Navman101 wrote:Sorry if this has already been discusses, but if so I couldn’t find it.
Does anyone know the rationale for the USAF choosing the PW4000 to power the KC-46 over the General Electric CF6-80. The USAF already operated the CF6 on many airframes such as VC-25, KC-10, and C-5M, so there would be at least some parts commonality. Was this a purely political decision to help keep Pratt and Whitney afloat? I suppose the Rolls Royce Power plant wasn’t even considered due to foreign sourcing.
Also what are peoples thoughts on which engine is actually better?
Per this (and other articles I could find on the subject), it was Boeing, not the USAF who made the call.
The Boeing Company has reached an agreement with Pratt & Whitney, a division of United Technologies Corporation, for the price and terms under which it will supply engines for the KC-767 Advanced Tanker. As a result, Pratt & Whitney becomes eligible to supply its PW4062 engines if Boeing is awarded the U.S. Air Force KC-X contract later this year.

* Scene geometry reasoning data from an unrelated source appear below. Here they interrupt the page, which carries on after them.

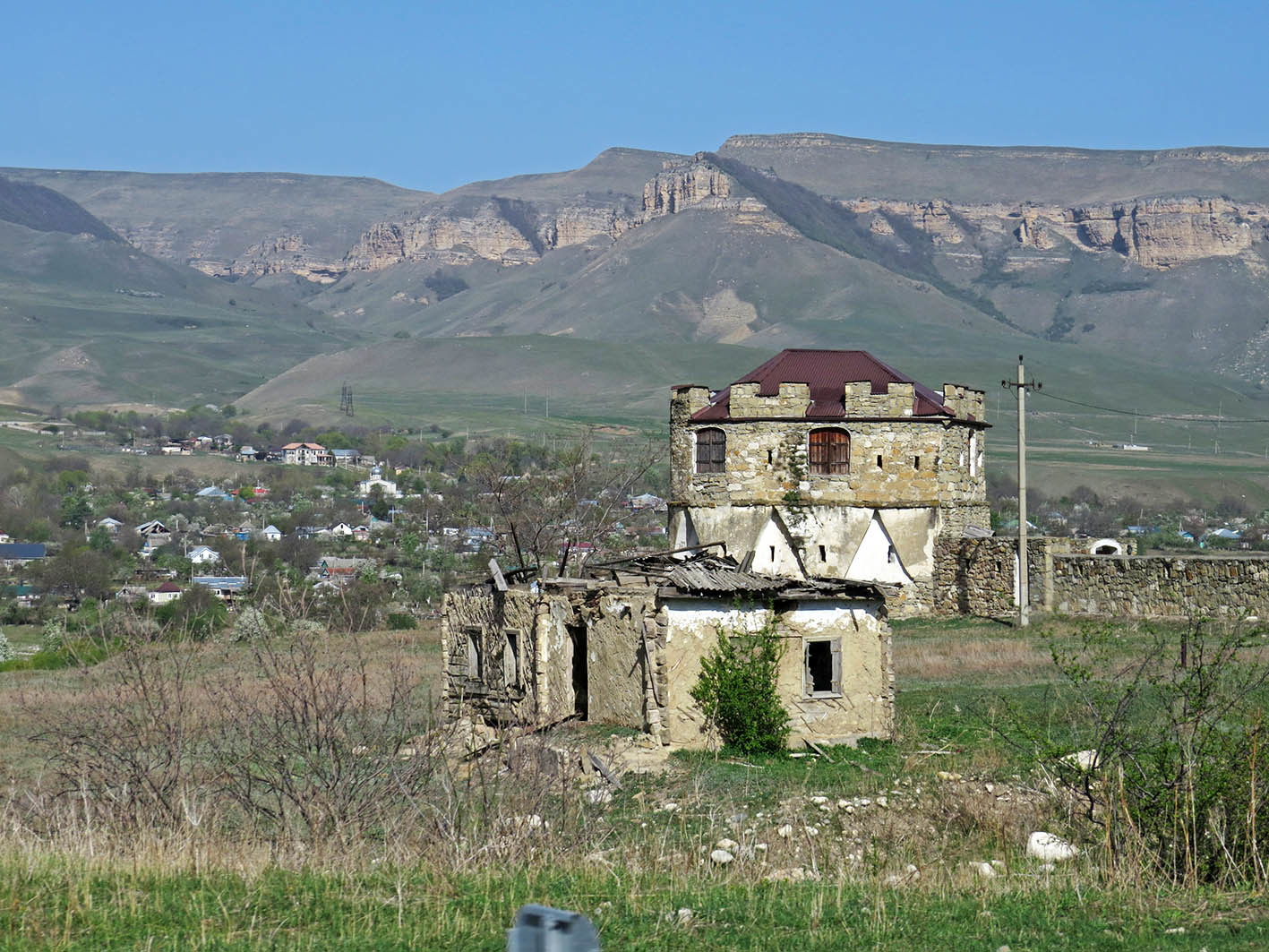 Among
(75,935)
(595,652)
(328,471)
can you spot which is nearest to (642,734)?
(595,652)

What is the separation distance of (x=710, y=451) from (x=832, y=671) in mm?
16917

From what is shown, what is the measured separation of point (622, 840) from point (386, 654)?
69.3 ft

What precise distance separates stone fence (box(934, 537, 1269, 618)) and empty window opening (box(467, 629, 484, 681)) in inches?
512

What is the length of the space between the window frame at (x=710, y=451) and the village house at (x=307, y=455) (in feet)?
490

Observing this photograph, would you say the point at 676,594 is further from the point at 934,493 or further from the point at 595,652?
the point at 934,493

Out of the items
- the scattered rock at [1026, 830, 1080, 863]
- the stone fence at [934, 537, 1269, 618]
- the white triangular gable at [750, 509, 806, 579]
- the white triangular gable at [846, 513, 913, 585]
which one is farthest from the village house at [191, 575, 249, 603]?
the scattered rock at [1026, 830, 1080, 863]

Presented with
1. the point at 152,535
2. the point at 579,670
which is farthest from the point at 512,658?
the point at 152,535

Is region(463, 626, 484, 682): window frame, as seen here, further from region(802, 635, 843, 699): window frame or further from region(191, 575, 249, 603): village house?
region(191, 575, 249, 603): village house

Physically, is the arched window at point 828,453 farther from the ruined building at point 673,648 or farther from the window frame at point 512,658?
the window frame at point 512,658

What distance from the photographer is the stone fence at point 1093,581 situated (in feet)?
102

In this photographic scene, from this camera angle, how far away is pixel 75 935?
9.77m

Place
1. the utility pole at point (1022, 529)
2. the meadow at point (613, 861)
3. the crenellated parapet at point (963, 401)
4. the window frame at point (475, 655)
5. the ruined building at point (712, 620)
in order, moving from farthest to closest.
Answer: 1. the crenellated parapet at point (963, 401)
2. the utility pole at point (1022, 529)
3. the window frame at point (475, 655)
4. the ruined building at point (712, 620)
5. the meadow at point (613, 861)

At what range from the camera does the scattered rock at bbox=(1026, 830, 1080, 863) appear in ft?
46.0

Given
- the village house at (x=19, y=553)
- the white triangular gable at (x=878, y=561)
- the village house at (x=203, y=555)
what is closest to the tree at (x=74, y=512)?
the village house at (x=19, y=553) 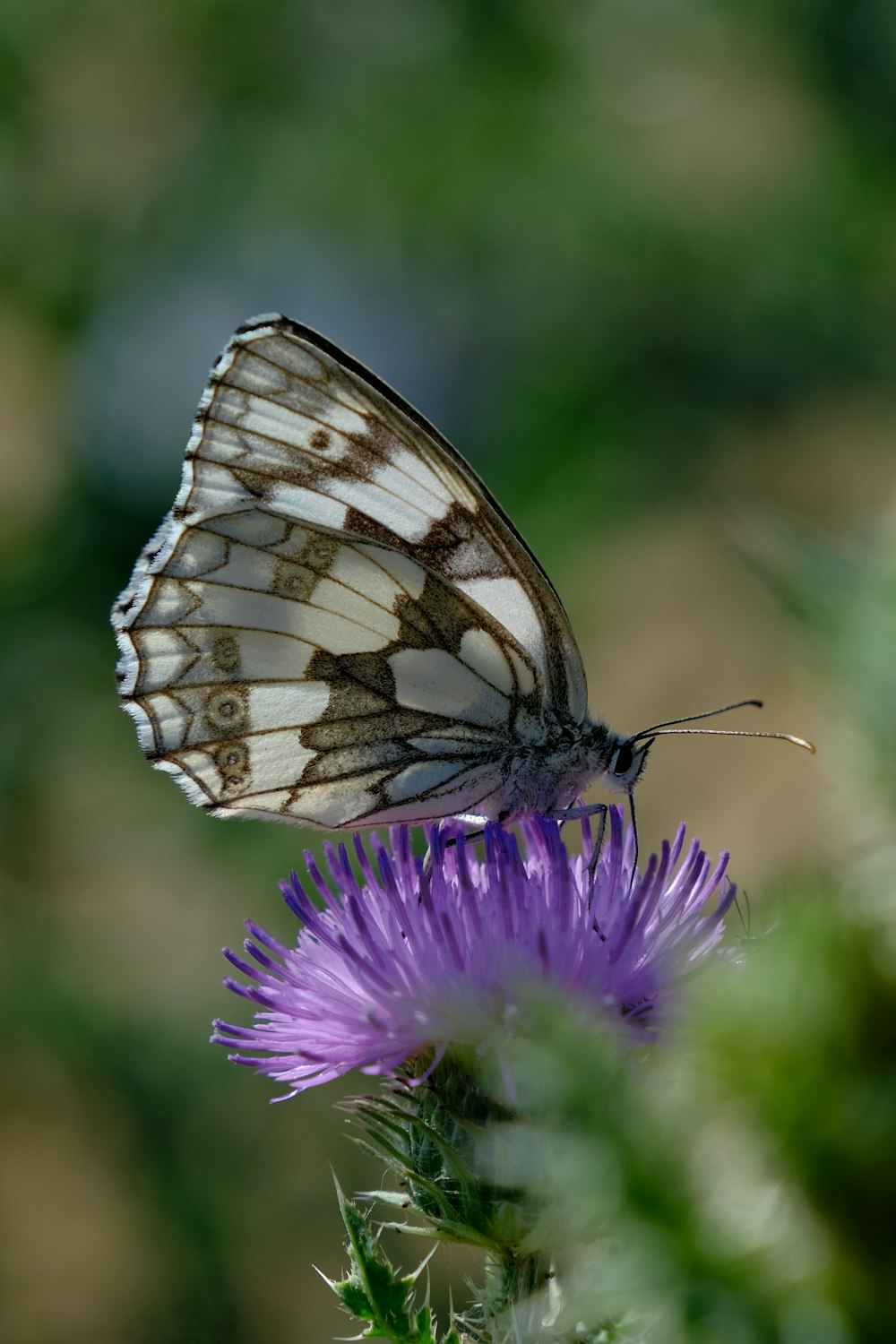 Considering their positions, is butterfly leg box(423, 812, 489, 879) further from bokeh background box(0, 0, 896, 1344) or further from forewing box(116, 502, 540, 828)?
bokeh background box(0, 0, 896, 1344)

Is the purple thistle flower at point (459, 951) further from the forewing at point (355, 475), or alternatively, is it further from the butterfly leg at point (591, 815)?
the forewing at point (355, 475)

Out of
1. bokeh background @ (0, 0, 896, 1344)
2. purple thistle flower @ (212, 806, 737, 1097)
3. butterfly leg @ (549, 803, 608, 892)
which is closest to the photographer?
purple thistle flower @ (212, 806, 737, 1097)

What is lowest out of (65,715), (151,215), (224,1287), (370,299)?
(224,1287)

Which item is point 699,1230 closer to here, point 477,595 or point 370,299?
point 477,595

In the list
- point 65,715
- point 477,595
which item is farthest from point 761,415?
point 477,595

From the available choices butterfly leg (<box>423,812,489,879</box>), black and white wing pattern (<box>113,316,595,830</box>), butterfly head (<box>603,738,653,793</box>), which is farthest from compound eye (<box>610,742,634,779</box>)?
butterfly leg (<box>423,812,489,879</box>)

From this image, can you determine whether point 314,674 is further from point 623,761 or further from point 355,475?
point 623,761

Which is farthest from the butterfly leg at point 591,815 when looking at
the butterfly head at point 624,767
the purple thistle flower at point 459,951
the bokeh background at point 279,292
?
the bokeh background at point 279,292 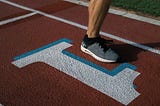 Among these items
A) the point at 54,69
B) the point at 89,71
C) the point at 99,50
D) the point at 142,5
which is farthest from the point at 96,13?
the point at 142,5

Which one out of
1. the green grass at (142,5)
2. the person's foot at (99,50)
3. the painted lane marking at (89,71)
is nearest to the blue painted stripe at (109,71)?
the painted lane marking at (89,71)

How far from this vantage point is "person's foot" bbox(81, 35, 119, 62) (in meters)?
4.26

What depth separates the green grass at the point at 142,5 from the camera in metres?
6.13

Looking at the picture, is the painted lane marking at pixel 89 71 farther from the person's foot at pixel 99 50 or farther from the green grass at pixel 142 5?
the green grass at pixel 142 5

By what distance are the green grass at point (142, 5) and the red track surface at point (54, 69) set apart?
0.52 m

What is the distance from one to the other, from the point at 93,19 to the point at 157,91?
1377 millimetres

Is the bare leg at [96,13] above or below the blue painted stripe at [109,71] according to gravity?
above

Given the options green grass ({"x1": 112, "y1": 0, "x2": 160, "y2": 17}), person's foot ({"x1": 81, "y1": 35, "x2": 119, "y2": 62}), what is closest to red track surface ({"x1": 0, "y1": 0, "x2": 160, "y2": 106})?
person's foot ({"x1": 81, "y1": 35, "x2": 119, "y2": 62})

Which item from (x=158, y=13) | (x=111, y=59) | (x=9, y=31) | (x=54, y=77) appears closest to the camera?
(x=54, y=77)

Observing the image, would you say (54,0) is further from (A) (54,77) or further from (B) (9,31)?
(A) (54,77)

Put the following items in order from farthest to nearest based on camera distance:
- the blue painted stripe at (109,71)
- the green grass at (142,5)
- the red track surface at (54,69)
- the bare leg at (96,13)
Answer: the green grass at (142,5) → the bare leg at (96,13) → the blue painted stripe at (109,71) → the red track surface at (54,69)

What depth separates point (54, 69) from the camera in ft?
13.6

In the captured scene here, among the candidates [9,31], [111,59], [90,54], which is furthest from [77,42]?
[9,31]

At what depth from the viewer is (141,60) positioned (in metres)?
4.38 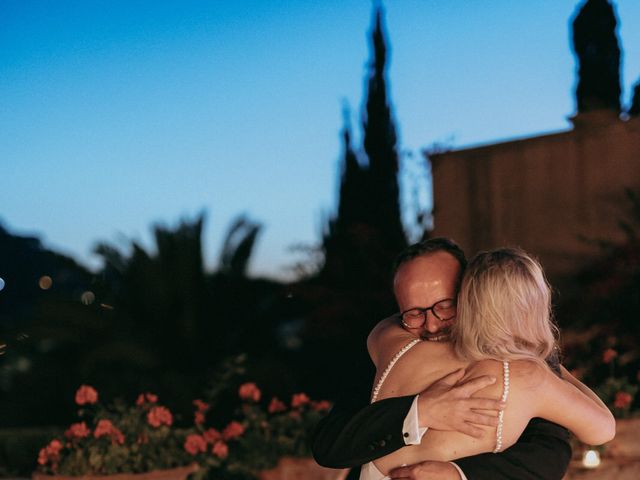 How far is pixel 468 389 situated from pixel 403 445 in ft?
0.81

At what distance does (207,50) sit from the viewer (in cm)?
1416

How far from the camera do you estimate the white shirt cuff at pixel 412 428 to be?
2.27 meters

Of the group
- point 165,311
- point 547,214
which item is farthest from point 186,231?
point 547,214

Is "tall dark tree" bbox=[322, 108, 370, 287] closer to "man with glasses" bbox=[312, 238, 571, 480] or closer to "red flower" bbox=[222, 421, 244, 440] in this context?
"red flower" bbox=[222, 421, 244, 440]

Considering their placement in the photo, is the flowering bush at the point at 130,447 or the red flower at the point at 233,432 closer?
the flowering bush at the point at 130,447

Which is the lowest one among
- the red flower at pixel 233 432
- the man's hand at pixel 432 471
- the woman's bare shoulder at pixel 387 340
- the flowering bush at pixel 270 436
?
the flowering bush at pixel 270 436

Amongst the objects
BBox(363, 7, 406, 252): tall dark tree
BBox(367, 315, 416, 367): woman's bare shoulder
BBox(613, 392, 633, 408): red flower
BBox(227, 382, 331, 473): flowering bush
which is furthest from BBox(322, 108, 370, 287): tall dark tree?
BBox(367, 315, 416, 367): woman's bare shoulder

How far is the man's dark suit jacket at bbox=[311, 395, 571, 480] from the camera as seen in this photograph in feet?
7.45

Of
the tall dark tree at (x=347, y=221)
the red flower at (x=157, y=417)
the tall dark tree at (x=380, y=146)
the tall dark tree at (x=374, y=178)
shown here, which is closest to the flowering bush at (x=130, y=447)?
the red flower at (x=157, y=417)

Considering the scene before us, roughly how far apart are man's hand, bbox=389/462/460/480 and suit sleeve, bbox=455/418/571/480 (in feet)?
0.09

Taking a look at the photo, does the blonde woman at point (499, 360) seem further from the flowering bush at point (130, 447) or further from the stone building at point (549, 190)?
the stone building at point (549, 190)

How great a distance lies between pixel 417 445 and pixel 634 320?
6182 millimetres

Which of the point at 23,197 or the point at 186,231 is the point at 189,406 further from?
the point at 23,197

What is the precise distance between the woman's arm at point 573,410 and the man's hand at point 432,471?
0.27 m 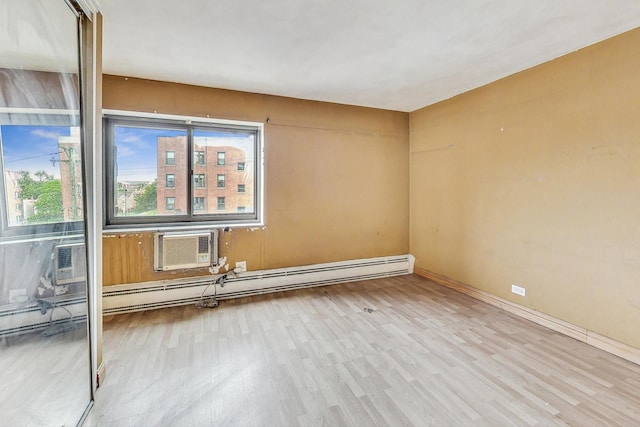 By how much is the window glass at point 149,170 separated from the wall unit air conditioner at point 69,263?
169 centimetres

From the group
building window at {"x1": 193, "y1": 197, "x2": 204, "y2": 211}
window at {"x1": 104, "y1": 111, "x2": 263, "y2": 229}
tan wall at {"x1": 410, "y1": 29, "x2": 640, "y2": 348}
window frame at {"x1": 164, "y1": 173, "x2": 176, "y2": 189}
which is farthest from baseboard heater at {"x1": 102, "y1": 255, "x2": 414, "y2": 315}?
window frame at {"x1": 164, "y1": 173, "x2": 176, "y2": 189}

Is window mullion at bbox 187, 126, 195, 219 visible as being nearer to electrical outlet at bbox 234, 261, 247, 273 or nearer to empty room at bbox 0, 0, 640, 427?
empty room at bbox 0, 0, 640, 427

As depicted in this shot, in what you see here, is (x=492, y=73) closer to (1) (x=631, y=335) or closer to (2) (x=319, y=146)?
(2) (x=319, y=146)

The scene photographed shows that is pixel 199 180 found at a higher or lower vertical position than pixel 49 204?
higher

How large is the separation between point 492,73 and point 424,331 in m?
2.62

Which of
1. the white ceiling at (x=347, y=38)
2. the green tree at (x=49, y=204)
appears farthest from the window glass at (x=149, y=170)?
the green tree at (x=49, y=204)

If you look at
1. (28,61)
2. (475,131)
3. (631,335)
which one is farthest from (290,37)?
(631,335)

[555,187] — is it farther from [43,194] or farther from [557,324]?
[43,194]

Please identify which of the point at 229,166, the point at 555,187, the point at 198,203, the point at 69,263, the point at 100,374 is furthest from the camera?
the point at 229,166

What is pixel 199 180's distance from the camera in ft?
11.1

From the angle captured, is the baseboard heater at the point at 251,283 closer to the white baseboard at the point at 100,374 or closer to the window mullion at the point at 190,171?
the window mullion at the point at 190,171

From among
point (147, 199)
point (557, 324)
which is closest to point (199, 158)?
point (147, 199)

"With more than 80 years of experience meeting the U.S. Air Force's engine needs, it makes sense to use Pratt & Whitney as an engine provider for the next generation tanker," said Ron Marcotte, vice president and general manager of Boeing Global Mobility Systems. "This high-performance, extremely reliable engine will allow future tanker aircrews to operate out of short-runway airfields and provide them maximum fuel offload performance."
Boeing's agreement with Pratt & Whitney followed a best-value competition that focused on engine technical requirements like enhanced thrust and fuel efficiency, as well as logistics support, acquisition and total ownership cost, management and past performance factors.
https://www.reliableplant.com/Read/5226 ... 767-tanker
This article hints it came down to $:
Although GE was originally considered to be a candidate for the KC-767 with the CF6-80C2 engine, or potentially even a variant of its GEnx, Boeing announced on 12 March that it has reached an agreement on the KC-X engine proposal with P&W and its PW4062.
P&W and Boeing had also teamed on an initial KC-767 lease proposal for the USAF in March 2004, but this agreement lapsed with the termination of the controversial plan. The two launch customers for Boeing's KC-767 tanker, Italy and Japan, meanwhile, selected the CF6-80C2 for their eight aircraft.
Although terms of the new Boeing/P&W deal have not been revealed, it is believed the engine maker offered attractive pricing based on the relatively low number of average flight hours expected to be accumulated by the average KC-X versus its nearest commercial equivalent.